El problema es que mientras unos prometen refundar y terminan administrando la inercia, y otros prometen estabilidad pero sin mover demasiado el tablero, Chile se queda atrapado en un falso dilema. Una izquierda que se agotó en su propia retórica y una centroderecha que administra bien, pero que no se atreve a romper con las causas profundas de la decadencia. Dos caminos que, aunque diferentes en estilo, conducen al mismo destino: la frustración.

Cuando Boric habla de orgullo nacional, de haber recorrido Chile y de estar esperanzado en el futuro, la pregunta es inevitable: ¿Orgulloso de qué? ¿De la inseguridad desatada? ¿De las listas de espera que se dispararon? ¿Del crecimiento económico raquítico? ¿De los miles de inmigrantes ilegales que busa regularizar? Su “esperanza” es tan real como sus promesas: pura retórica.

La continuidad que Chile necesita no es la de este gobierno ni la que promete Jara. Tampoco basta con la continuidad elegante que ofrecen algunos en la oposición, por más ordenada que suene. Lo que vale la pena preservar es lo bueno: la estabilidad institucional, la cultura del esfuerzo, el mérito. Pero todo lo demás debe cambiar, y cambiar en serio: la inseguridad, la burocracia, la corrupción política, la incapacidad del Estado para cumplir sus funciones más básicas.

El Presidente se despide invocando la unidad. Pero nadie olvida que su gobierno se sostuvo sobre la división, el enfrentamiento y la polarización. Habla de comunidad, pero gobernó desde la trinchera. Habla de gigantes, pero será recordado por la pequeñez de quien creyó que podía refundar el país a punta de consignas.

Hoy la verdadera disyuntiva no es continuidad o cambio en abstracto. La verdadera disyuntiva es continuidad en la decadencia o cambio real con carácter. La continuidad que encarna Jara es la del fracaso repetido; la continuidad que encarnan el centro y la derecha, es la del acomodo perpetuo. Ambas son caras distintas de lo mismo: seguir administrando la decadencia.

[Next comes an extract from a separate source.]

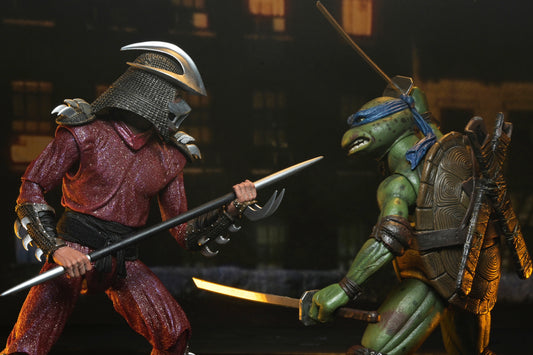 TMNT (1990 Movie) Rooftop Battle Shredder vs Leonardo 7" Scale 2-Pack front view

La independencia de 1810 no fue continuidad ni un cambio cosmético: fue una ruptura audaz, con riesgos y con coraje. Hoy falta precisamente eso: el coraje de reconocer que Chile no aguanta más diagnósticos ni frases bonitas, sino decisiones con carácter. Porque nuestro país puede mucho más que discursos adornados con historia y promesas huecas. Y porque la verdadera disyuntiva no es continuidad o cambio. La verdadera disyuntiva es seguir administrando la decadencia o atreverse, de una vez por todas, a recuperar y reconstruir nuestra grandeza.